Diese wurden nicht von Kataris erbaut, sondern von tausenden Wanderarbeitern vor allem aus Nepal und Indien, die unter arbeitsrechtlich – sagen wir mal höflich – sehr bedenklichen Bedingungen wirkten.
Dabei kamen auch viele der Arbeiter um’s Leben. Während die FIFA drei Todesopfer bedauert, sprach Amnesty-International von über 15.000. Die Wahrheit scheint etwa in der Mitte zu liegen, je nachdem, ob man alleine den Bau der Stadien zählt oder den Bau der ganzen dazugehörigen Infrastruktur. Auch starben viele Arbeiter offenbar aufgrund gesundheitlicher Probleme aufgrund ihrer Arbeit.

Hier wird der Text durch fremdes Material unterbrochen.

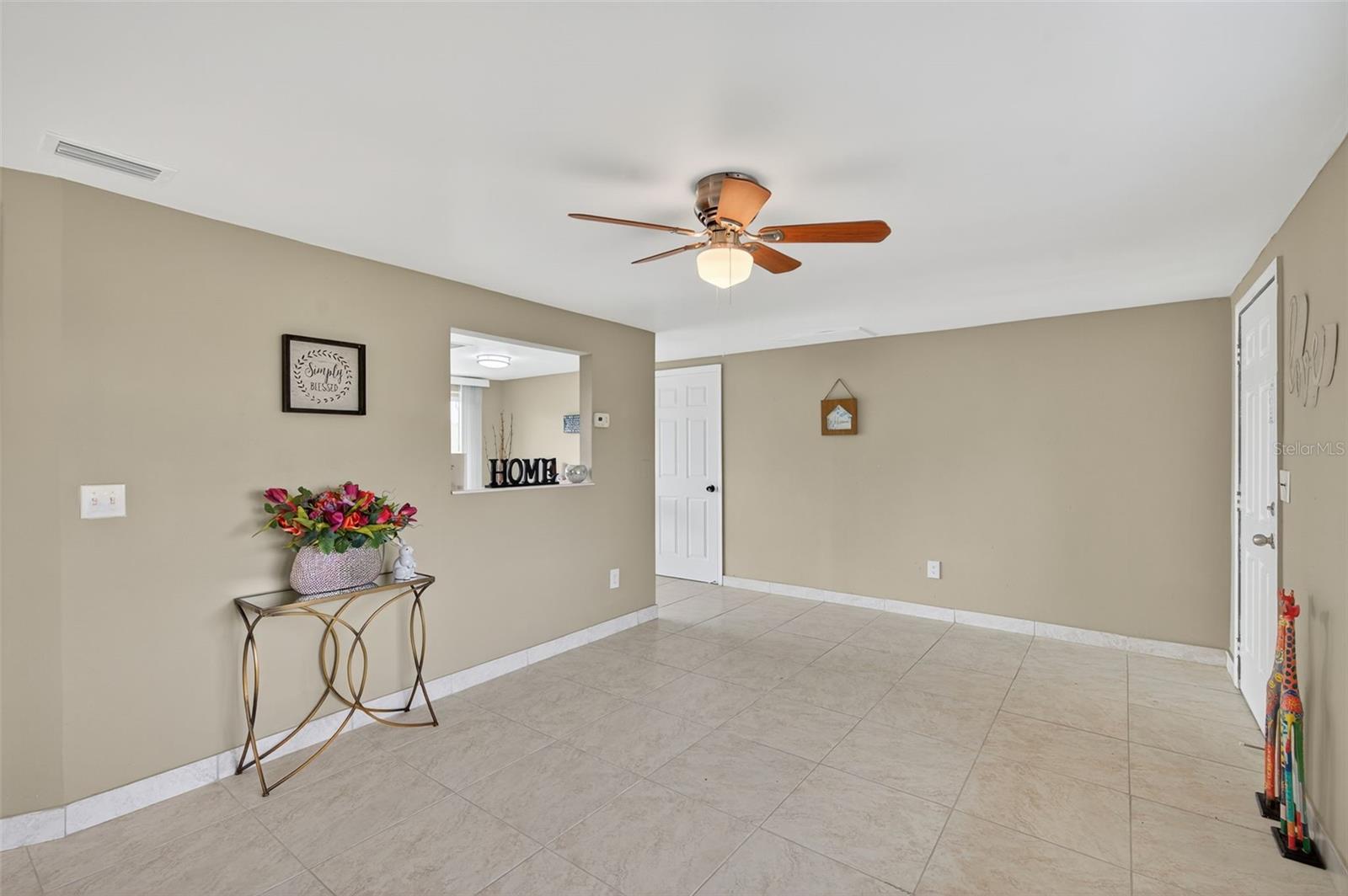 TAHITIAN HOMES - Residential Lease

Neben den skandalösen Bedingungen auf den Baustellen, dazu den Korruptionsvorwürfe bei der Vergabe der WM und auch der Verschiebung des Turniers in die Weihnachtszeit, ist aber natürlich auch die Frage nach den Menschenrechten dominant. Die Gleichberechtigung von Frauen existiert so gut wie gar nicht. Und zudem ist Homosexualität in dem Emirat verboten. Der „Equality Index“ berichtet, dass nicht-Musline in Katar mit einer Gefängnisstrafe von bis zu sieben Jahren rechnen müssen, Muslimen droht sogar die Steinigung oder andere Todesstrafen.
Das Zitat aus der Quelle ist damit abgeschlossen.